[Data shown]
>>>

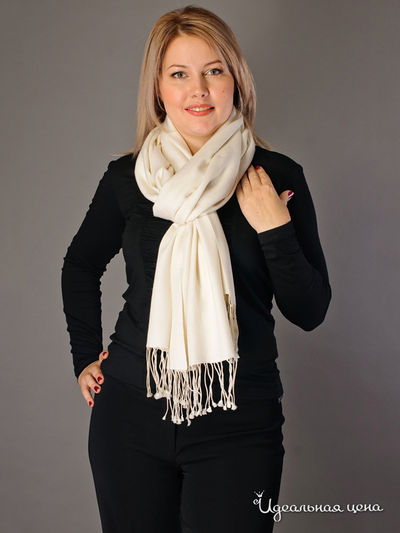 Платок Aftershock, цвет кремовый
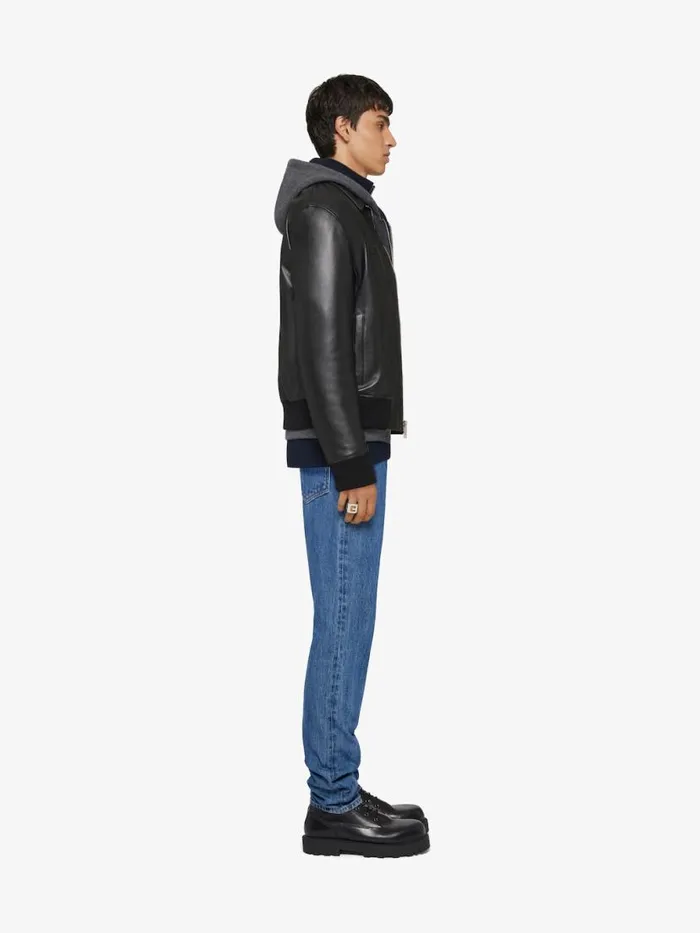 Men Pants and Shorts Givenchy Slim Fit Jeans In Marble Denim Indigo Blue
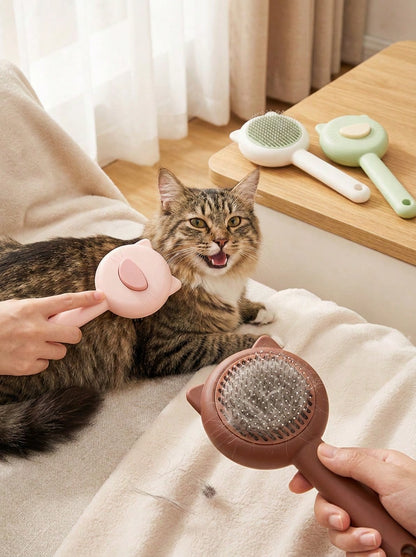 New Pet Cat Bathing Massage Floating Hair Brush, Dog Grooming Deshedding Brush, Universal Pet Grooming Supplies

<<<

[About this task] Leave the pictures out and output the rest of the data word for word.

[Task solution]
 Платок Aftershock, цвет кремовый
 Men Pants and Shorts Givenchy Slim Fit Jeans In Marble Denim Indigo Blue
 New Pet Cat Bathing Massage Floating Hair Brush, Dog Grooming Deshedding Brush, Universal Pet Grooming Supplies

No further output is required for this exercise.